Functions or sequence divergences link

Question

One can prove that the sequence $ u_n=\{\sin(n)\}_{n \in \mathbb{N}} $ diverges using a similar argument as in : Proves the divergence of sequence of sin(n)
But we can also prove that $f(x)=\sin(x)$ diverges at $x=+\infty$ because it's continuous and has two different limit 1 and -1 at $ x_n=\frac{(4n+1)\pi}{2} $ and $y_n=\frac{(4n+3)\pi}{2}$

Now my question is :
Can we use the latter fact to conclude that the sequence diverges ? In fact $x_n$ and $y_n$ are not integers, so $\sin(x_n)$ or $\sin(y_n)$ are not subsequences of the initial sequence, so that's maybe not enough to conclude it for that only reason.
In other word, what conditions are required (continuity, etc), to conclude that if $f(x)$ diverges at $x=+\infty$ then $u_n = f(n)$ diverges as well.

Thanks !

Answer 1

None that I can think of.
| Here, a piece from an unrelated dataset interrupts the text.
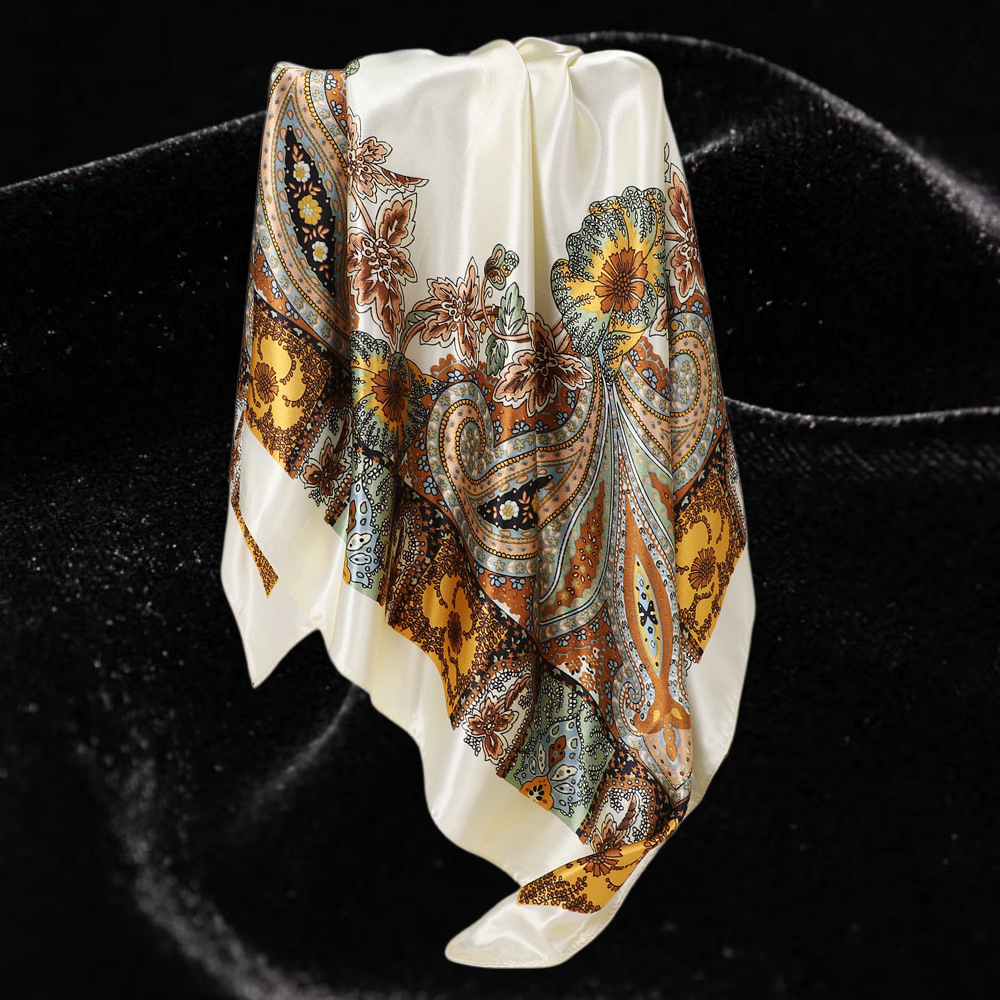 Foulard carré vintage en satin et rayonne, motif cachemire floral, tendance et polyvalent pour femme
Let $f\colon[a,\infty)\to\mathbb{R}$ be continuous and such that $$ l=\liminf_{x\to\infty}f(x)<\limsup_{x\to\infty}f(x)=L. $$ Then for any $y\in(l,L)$ there is a sequence $\{x_n\}$ such that $$ \lim_{n\to\infty}x_n=\infty\quad\text{and}\quad f(x_n)=y\quad\forall n\in\mathbb{N}. $$ For instance, in your example, $f(x)=\sin x$, $l=-1$ and $L=1$. If $y=1/2$, we can take $x_n=\pi/6+2\,n\,\pi$.

The moral of the story is that from the divergence of $f(x)$ as $x\to\infty$ you cannot deduce nothing about the convergence or not of a particular sequence $\{f(x_n)\}$, $x_n\to\infty$. On the other hand, if $f(x)$ converges as $x\to\infty$, then any sequence $\{f(x_n)\}$ with $x_n\to\infty$ converges to the same limit.